=== Task directions ===
Set down the data below from its first line to the line holding "2013 Bowman #3", inclusive; omit all pictures.

=== Records supplied ===
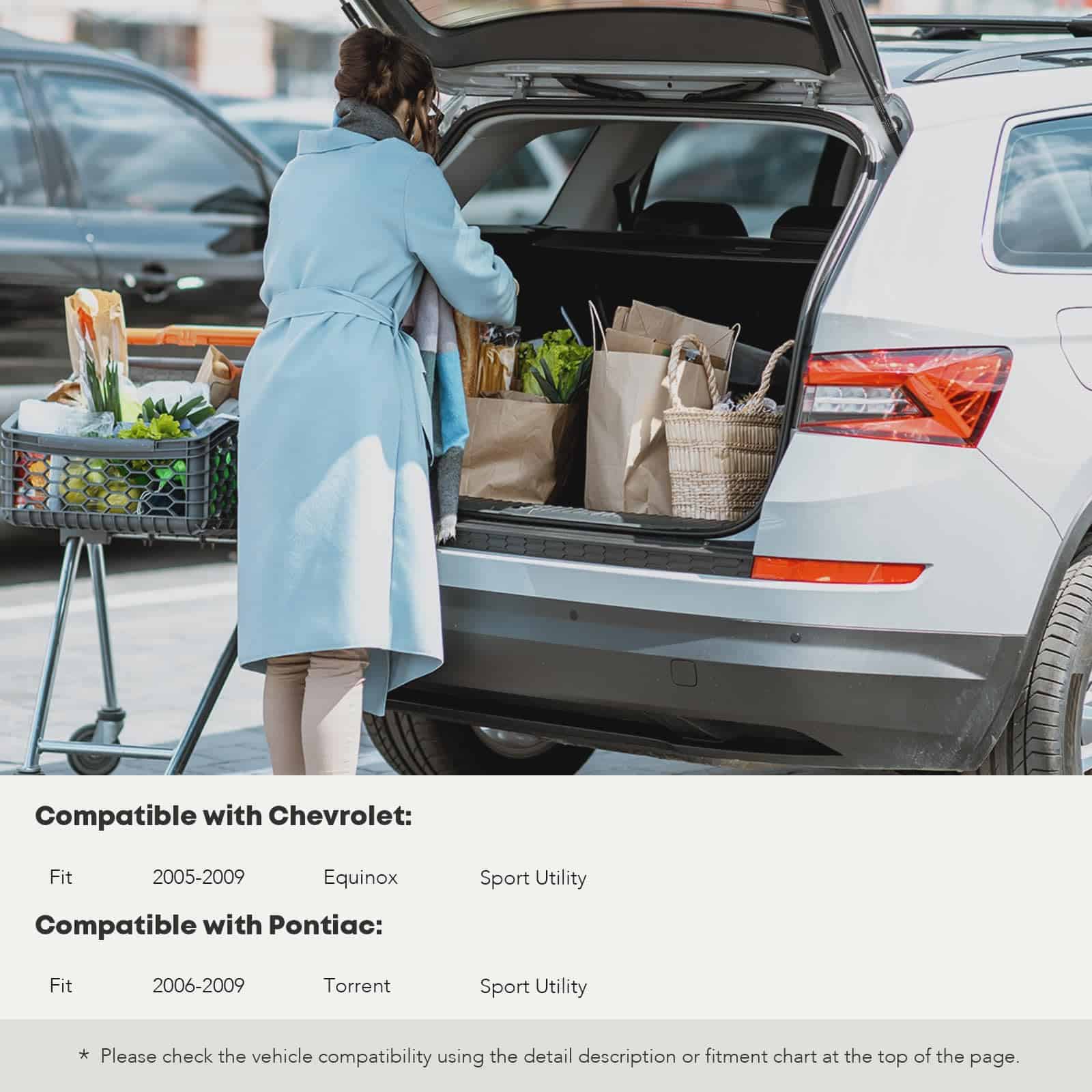 Set de 2 resortes de soporte de puerta trasera para - Imagen 3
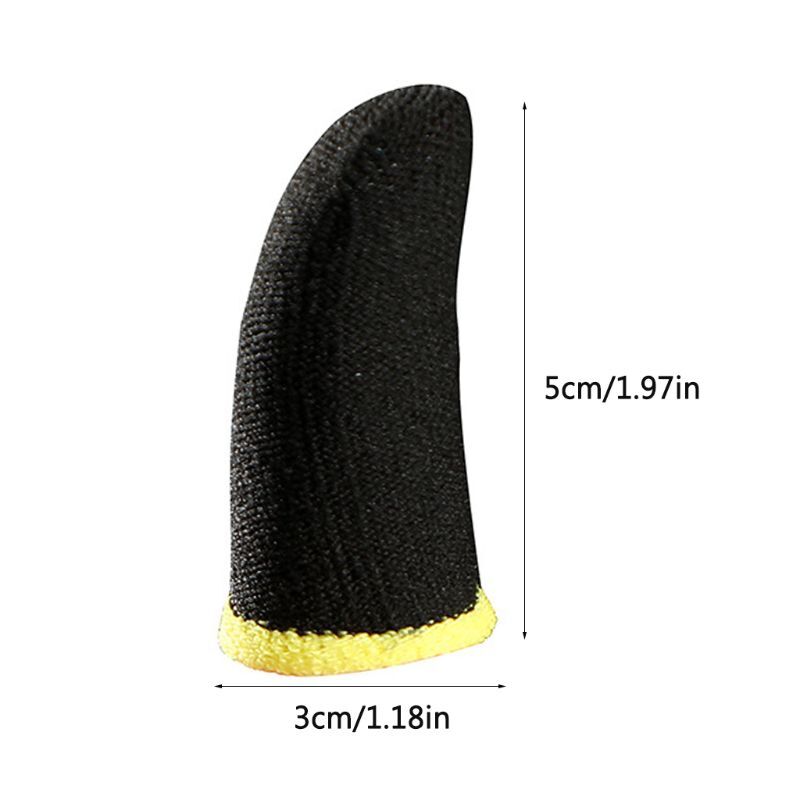 1Pair Carbon Fiber Finger Sleeve Non-slip Breathable Finger Gaming Gloves for iPhone/An-droid/iOS Mobile Phone/Tablet A0NC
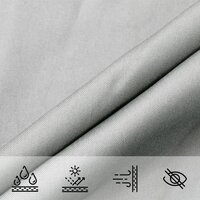 Zonnezeil 3x3x4,24 m 100% polyester oxford lichtgrijs 7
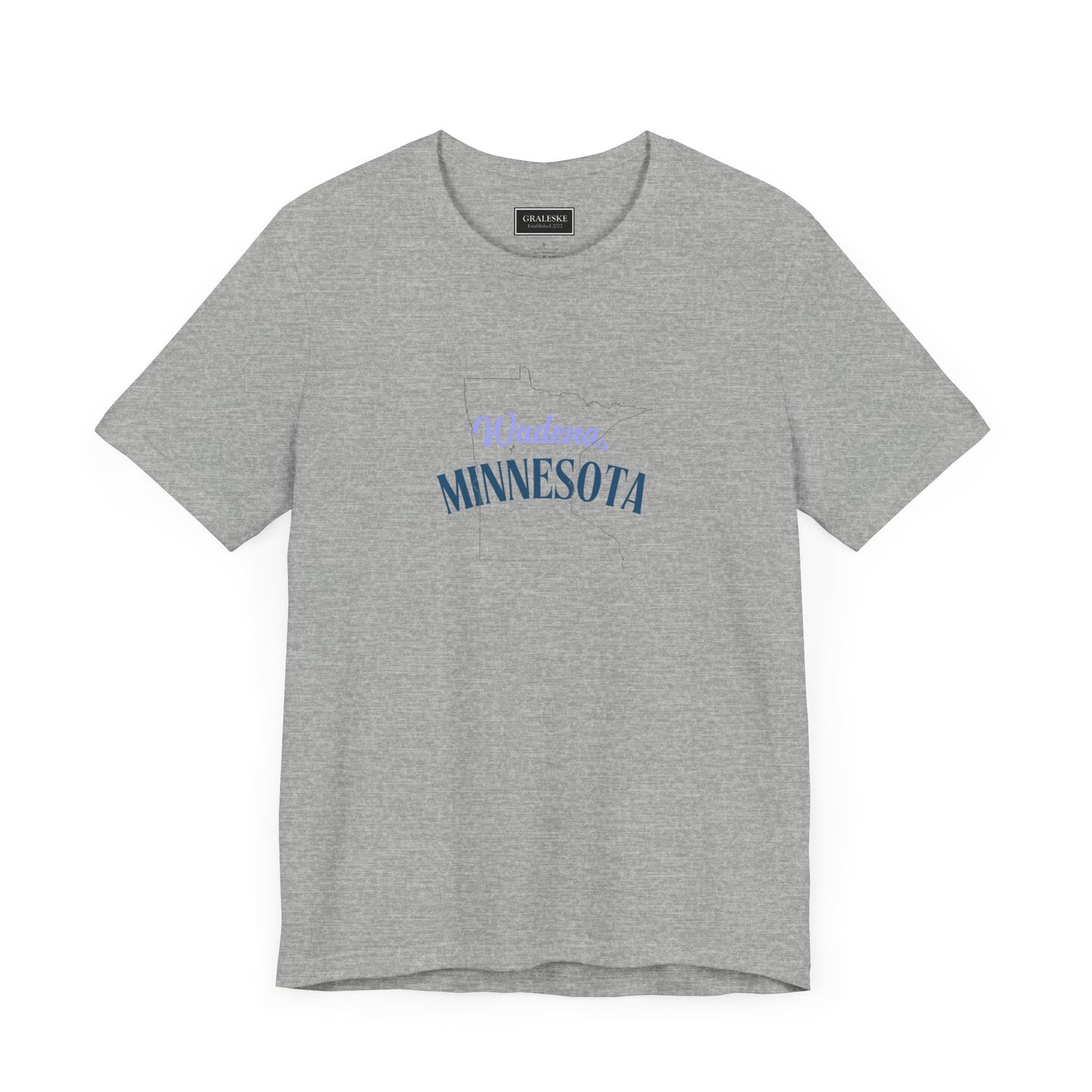 Small Towns Collection Unisex Tee - Wadena, Minnesota Design - Graleske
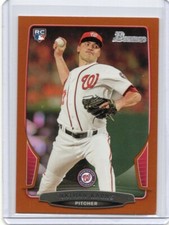 2013 Bowman #3 Nathan Karns Rookie Card Orange 151/250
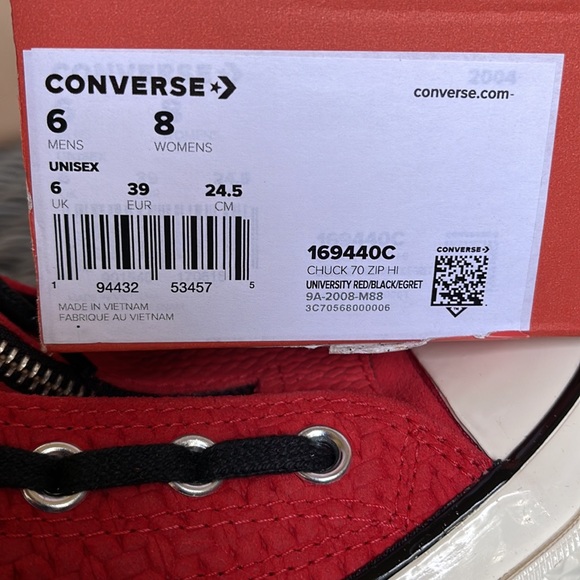 Converse Chuck 70 Zip Hi university red/black/egret WMNS - Picture 16 of 16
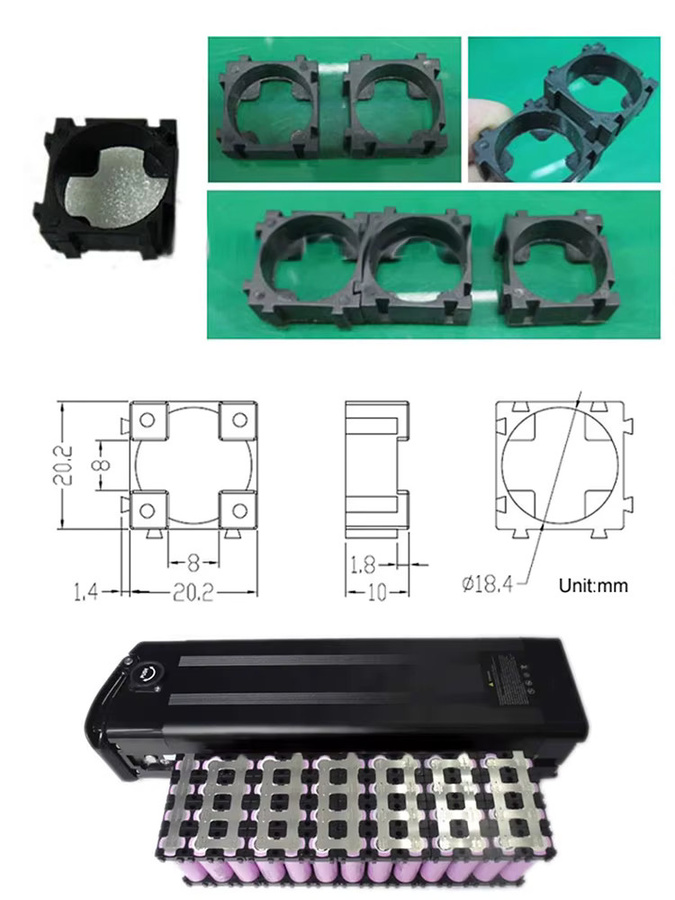 APWIKOGER Batteriehalter Organizer für 100 Stück 18650 Li-Ion Akkus, schwarzer Aufbewahrungskoffer aus Kunststoff - Bild 4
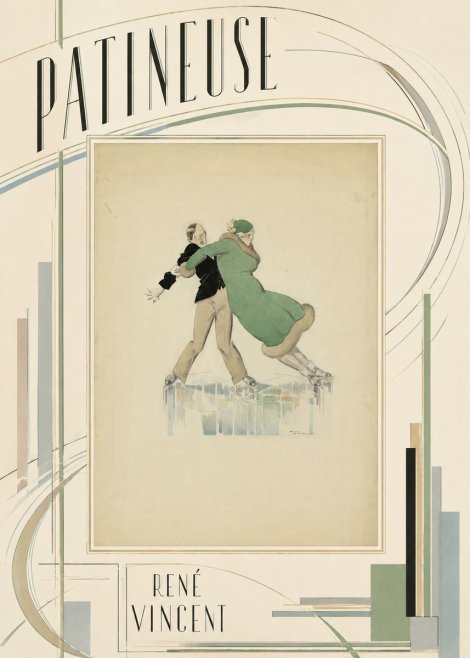René Vincent Patineuse No3 - Plakát
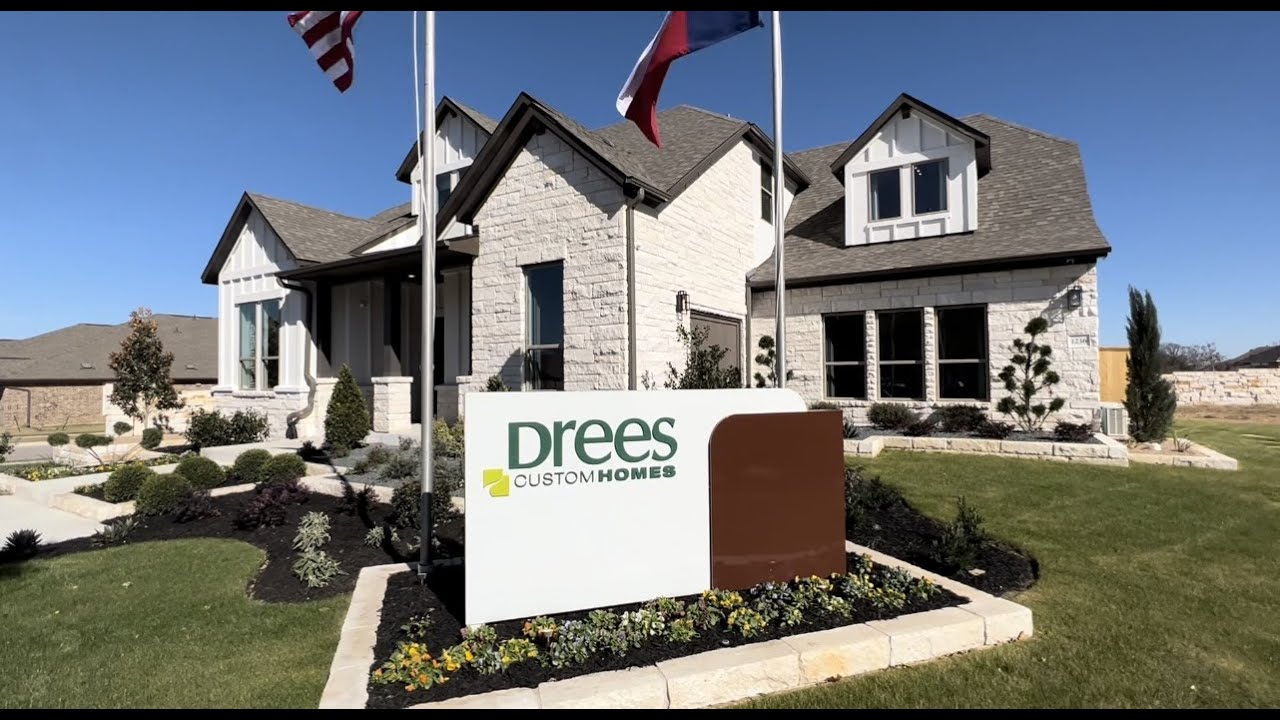 Austin, Texas | Drees Custom Homes, The Brookdale II | 3,537 SQFT | Oaks at San Gabriel | Georgetown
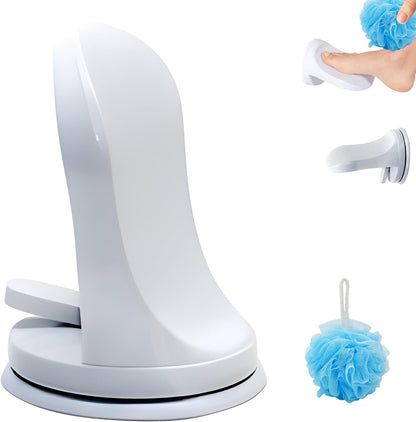 Shower Step - Shower Foot Rest for Shaving Legs, No-Hole Design, Strong Suction Cup, Non-Slip Bathroom Foot Pedal for Inside Shower Shaving Leg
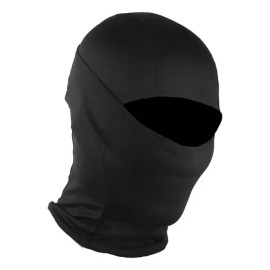 EVD-X Balaclava Negra Secado Rápido UV Protección Deportes y Moto Adultos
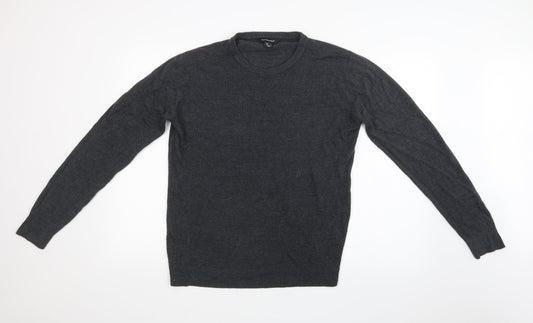 Cedar Wood State Mens Grey   Pullover Sweatshirt Size L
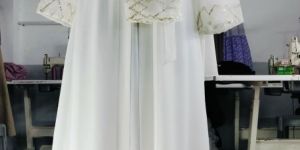 Elegant White Abaya Dress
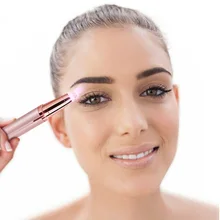 Электрический эпилятор для удаления волос для бровей, мини бритва для бровей, бритва, мгновенный безболезненный портативный эпилятор, бритвенный триммер для бровей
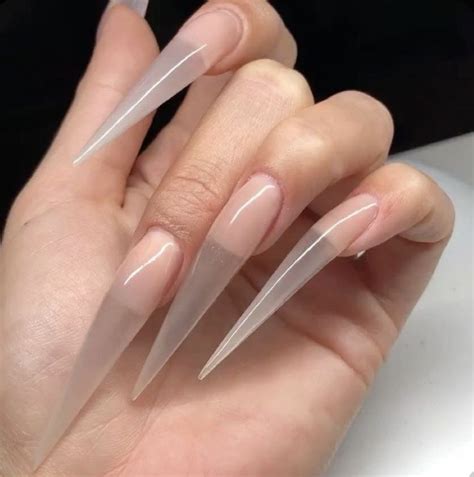 Pin By Sade Roy On Clawz In Long Acrylic Nails Curved Nails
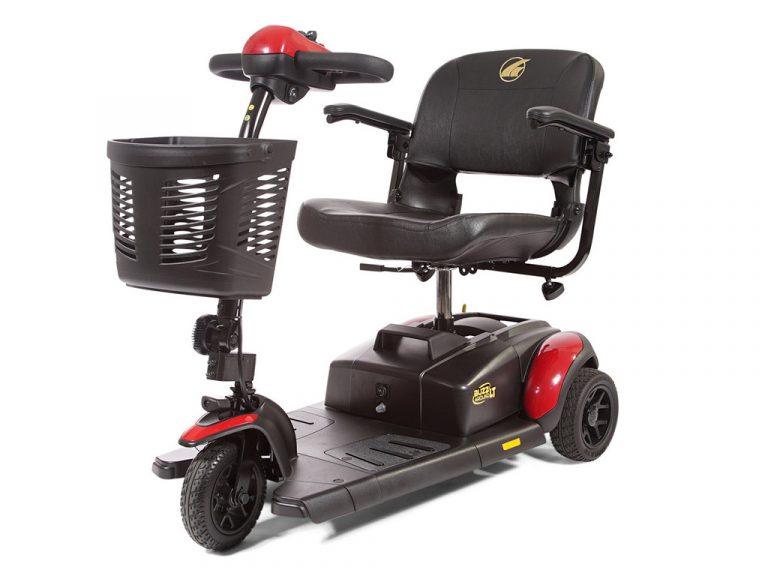 New Golden Technologies Buzzaround LT 3-Wheel Full Size Mobility Scooter | Max Speed 4 MPH | 300 LBS Weight Capacity-Mobility Equipment for Less
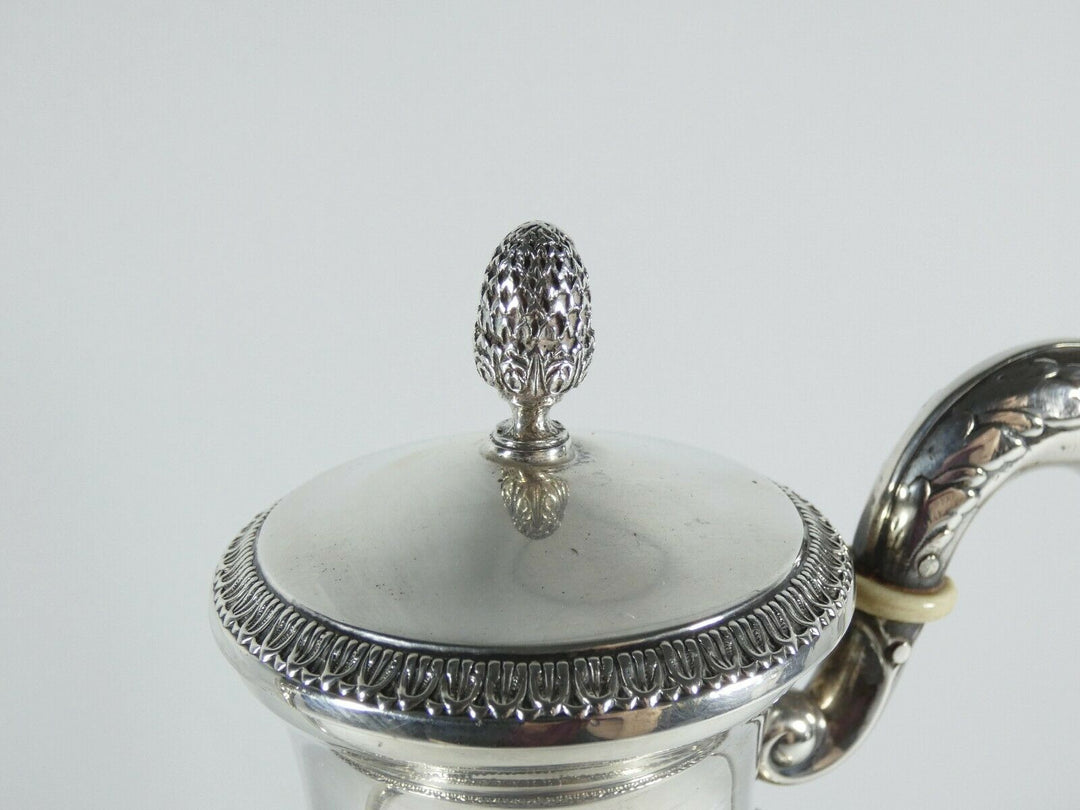 アンティークアール・デコ、イタリアン・シルバー800ティーポット、1940年頃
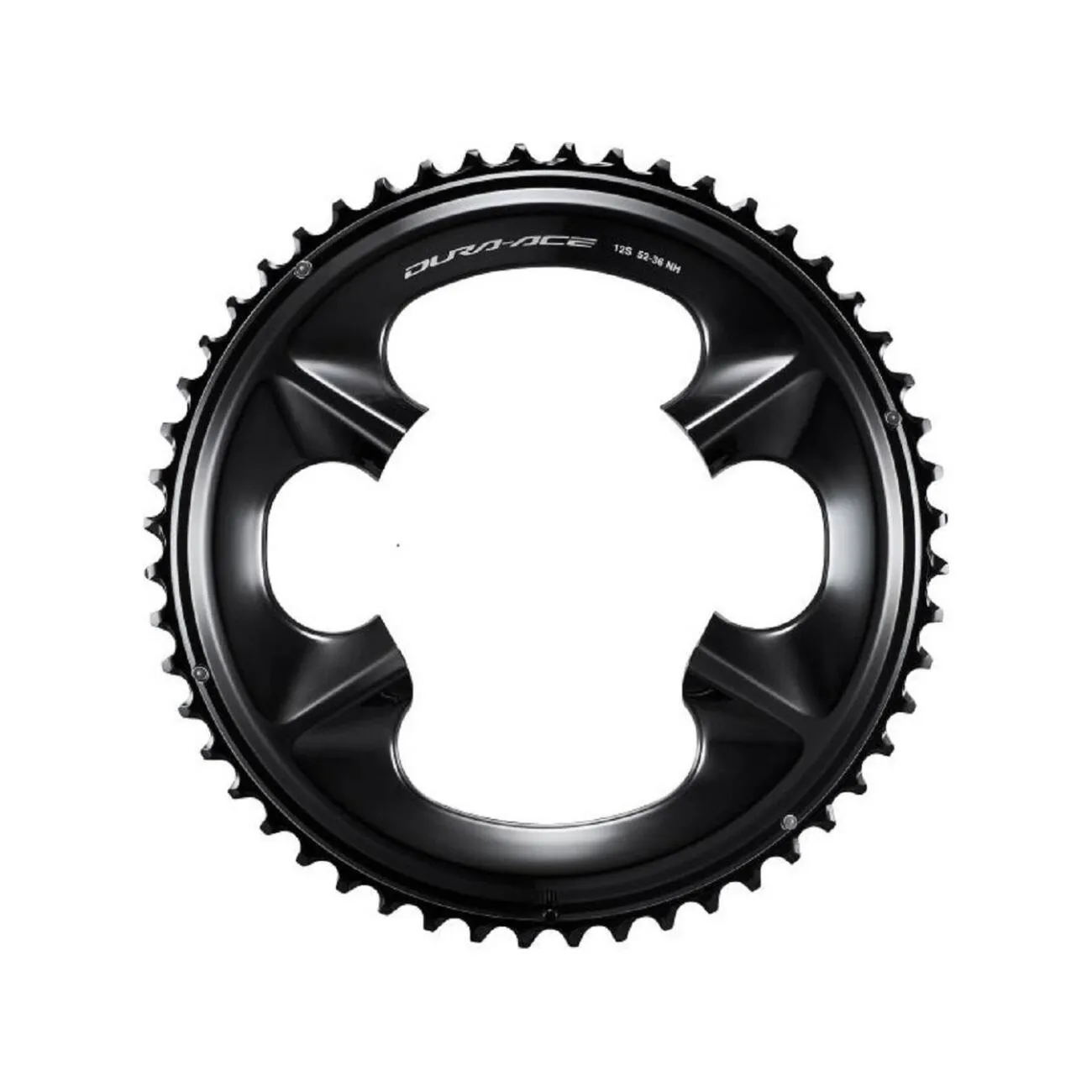 SHIMANO prevodník - DURA ACE R9200 52 - čierna SHIMANO prevodník - DURA ACE R9200 52 - čierna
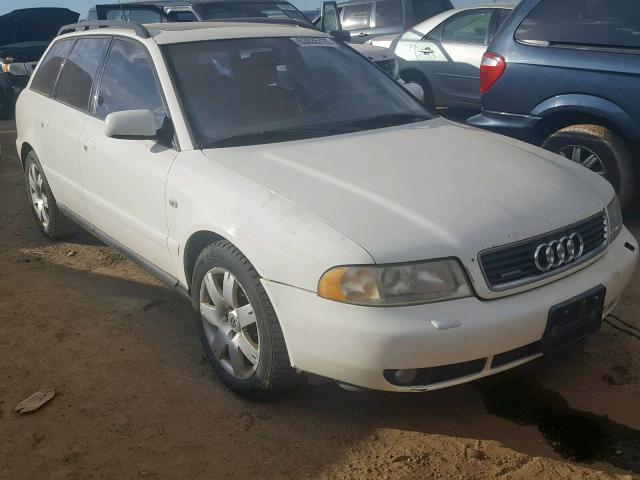 WAUKC68D91A142544 - 2001 AUDI A4 1.8T AV WHITE photo 1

=== Output for this exercise ===
 Set de 2 resortes de soporte de puerta trasera para - Imagen 3
 1Pair Carbon Fiber Finger Sleeve Non-slip Breathable Finger Gaming Gloves for iPhone/An-droid/iOS Mobile Phone/Tablet A0NC
 Zonnezeil 3x3x4,24 m 100% polyester oxford lichtgrijs 7
 Small Towns Collection Unisex Tee - Wadena, Minnesota Design - Graleske
 2013 Bowman #3 Nathan Karns Rookie Card Orange 151/250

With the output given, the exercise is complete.